Esos versos, que el poeta escribió destinados a su amigo Sánchez Mejía, parecen también escritos para sí mismo, porque la muerte es en Lorca un designio. Ahora que andan por el Barranco de Víznar, hurgando en busca de su cuerpo asesinado, el poeta me sirve de puente para rememorar también a Ignacio Sánchez Mejías, un hombre fundamental en la poesía del siglo XX, no como poeta pero sí como desencadenante. Es conocido sobre todo porque Lorca le dedicó su extraordinaria elegía, pero fue mucho más que un torero. Sánchez Mejías era un hombre polifacético: actor, jugador de polo, pionero de la aviación, autor de teatro, admirador entusiasta de la literatura y hasta presidente del Betis. Fue él quien tuvo la iniciativa y puso el dinero para reunir en Sevilla en 1927 a los poetas jóvenes que conmemoraban el 300 aniversario de Góngora, y por eso se llamó Generación del 27. Su mecenazgo resultó determinante. También fue torero, por supuesto. Según los especialistas, si bien fue un hombre de mucha sensibilidad para las artes, como torero no era un artista, sino un osado y temerario matador de toros que jugaba a cara o cruz cada tarde con la muerte. Era difícil entonces destacar como artista del toreo porque estaban en activo dos de los más grandes de la historia: Juan Belmonte y Joselito «El Gallo», que también era su cuñado y maestro. Pero la muerte no entiende de arte y se los llevó a los dos en una plaza de toros, a Sánchez Mejías en 1934, en Manzanares, y a Joselito mucho antes, en 1920, con 25 años, en la plaza de Talavera de la Reina, donde ambos lidiaban un mano a mano. La muerte rondaba en esta letanía de toreros y poetas, inexorable como en una tragedia griega, en Talavera, en Manzanares, en Víznar.

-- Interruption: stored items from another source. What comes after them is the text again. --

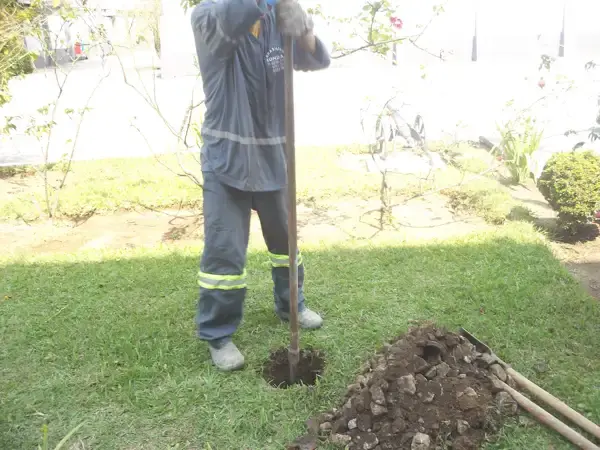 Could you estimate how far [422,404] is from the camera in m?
2.53

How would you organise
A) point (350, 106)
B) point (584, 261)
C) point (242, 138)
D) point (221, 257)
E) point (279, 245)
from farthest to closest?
point (350, 106) < point (584, 261) < point (279, 245) < point (221, 257) < point (242, 138)

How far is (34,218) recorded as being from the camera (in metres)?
5.55

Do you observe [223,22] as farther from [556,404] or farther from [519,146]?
[519,146]

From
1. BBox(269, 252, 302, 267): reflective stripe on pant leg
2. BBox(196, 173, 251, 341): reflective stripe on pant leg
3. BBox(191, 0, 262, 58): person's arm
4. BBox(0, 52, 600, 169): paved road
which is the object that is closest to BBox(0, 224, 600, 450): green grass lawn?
BBox(196, 173, 251, 341): reflective stripe on pant leg

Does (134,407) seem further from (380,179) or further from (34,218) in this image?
(380,179)

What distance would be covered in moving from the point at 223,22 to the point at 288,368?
6.04 ft

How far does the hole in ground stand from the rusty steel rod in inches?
2.3

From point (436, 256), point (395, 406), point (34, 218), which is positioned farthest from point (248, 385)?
point (34, 218)

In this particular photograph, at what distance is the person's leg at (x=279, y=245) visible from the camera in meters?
3.04

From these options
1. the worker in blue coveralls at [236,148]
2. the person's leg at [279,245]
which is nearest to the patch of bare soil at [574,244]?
the person's leg at [279,245]

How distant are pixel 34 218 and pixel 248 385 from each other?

Jose Demaría Vázquez (Campúa].jpgUna de las fotografías más terribles de la historia del periodismo, de los toros y de la poesía es la que hizo José Demaría Vázquez «Campúa» en la enfermería de la plaza de Talavera. Joselito yace muerto y Sánchez Mejía lo vela con el dolor reflejado en la faz. Es la memoria del metal, una foto que en la que la muerte anda de tertulia y parece un anuncio de la muerte de Sánchez Mejía y a su vez de Lorca, como una escalera tremenda, roja de sangre, verde de Lorca, vida y muerte, pasión y poesía.
Es memoria de unos hombres que coqueteaban con la poesía y con la muerte y que forman parte de la columna vertebral de la cultura española del siglo XX. Aborrezco la tortura de los toros, pero me pregunto qué tiene la tauromaquia que a menudo está tan cerca de la poesía. Acaso otra vez Eros y Tánathos. Ya sabemos cuánto le debemos a Lorca, pero también es bueno que los que amamos la literatura sepamos lo que le debemos a Ignacio Sánchez Mejías. En realidad, se lo debemos a la poesía, y poeta y torero, e incluso los nauseabundos asesinos que cornearon a Lorca con el toro del odio y la intolerancia en el Barranco de Víznar componen una tragedia de la que los españoles deberíamos aprender, y no sé si esa lección sigue formando parte de nuestras asignaturas pendientes. Es la España partida en dos de Machado, pero también la España camisa blanca de mi esperanza en los versos de Blas de Otero.
El mayor homenaje que puede hacerse a un poeta es leer su poesía, pero con Lorca quedaría siempre otro mayor: dejar atrás esa España vengativa, celosa, intolerante y dividida que le quitó la vida y que aun sigue respirando en la oscuridad como una bestia agazapada, verde de muerte lorquiana, maldita sea.